ミャンマーの国内には、いろいろな民族がいますよね。少数民族がたくさんいて、それぞれが武装勢力化して内戦もやっていましたよね。いま、内戦はだんだんと収まる方向ですけれども、その民族のなかに入っていないわけです。ベンガル系の人たちが住んでいる地域がラカイン州にはあるのですけれども、そもそも歴史的に言うと、英領時代イギリスがミャンマーを支配するときに、いまのバングラデシュ、ベンガル地方から連れて来た人たちの子孫なのですよね。イギリスが当時のビルマを抑え込んでいく尖兵としてこういう人たちを使ったということで、そもそもしこりがあるのですね。

飯田)分断統治ですね。

有本)いまの世代のなかには、ベンガル系の人でもミャンマー国民として国籍を持って活躍している人もいるわけです。しかし、民族的に特殊な人たちであることは間違いなく、更にミャンマーの国境のところでバングラデシュ側に難民として出ている人がいるのだけれど、その多くの人たちのなかに、バングラデシュ側からいまミャンマー側に来ている人も含まれているのです。そこは流動化しているということを言っているわけですね。でも外国メディアの報道では、完全に「ロヒンギャ」と呼ばれる人たちがミャンマーの国内で弾圧を受けているという、かなり一方的な報道になってしまっているから、「我々のこともわかってください」というお話でしたね。

国籍不明の難民が多く、救うのが難しい

飯田)ロヒンギャの方々で国籍がない人たちもいるとなると、どこの国の保護も受けられなくなってしまうというのがありますね。

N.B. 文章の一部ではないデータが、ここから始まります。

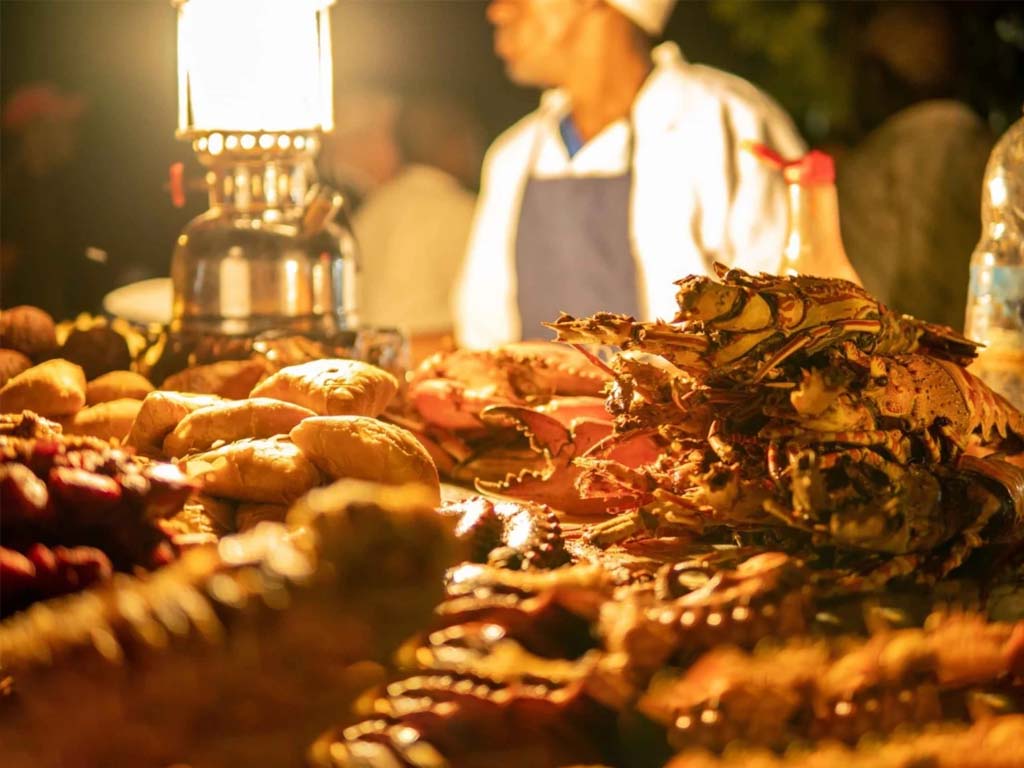 Tentadores platos de Zanzíbar en el mercado nocturno de Forodhani, uno de los mejores lugares turísticos de Zanzíbar para los amantes de la comida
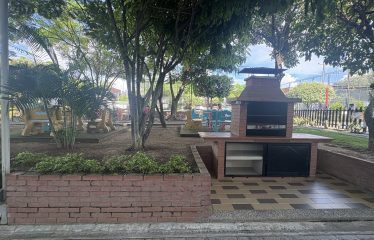 Casa de dos niveles en Venta Condominio Rosales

有本)完全な難民というか、よくわからなくなってしまっている人たちもかなりいると。この少数民族はたくさんいるのだけれど、政府側と長い間内戦をしていた少数民族側の人たちも「ロヒンギャという民族はいないよ」と言っているくらい非常に難しいのです。
日本政府も「ロヒンギャ」という名前を使わないようにしています。この人たちをどうやって救うかはかなり知恵が必要です。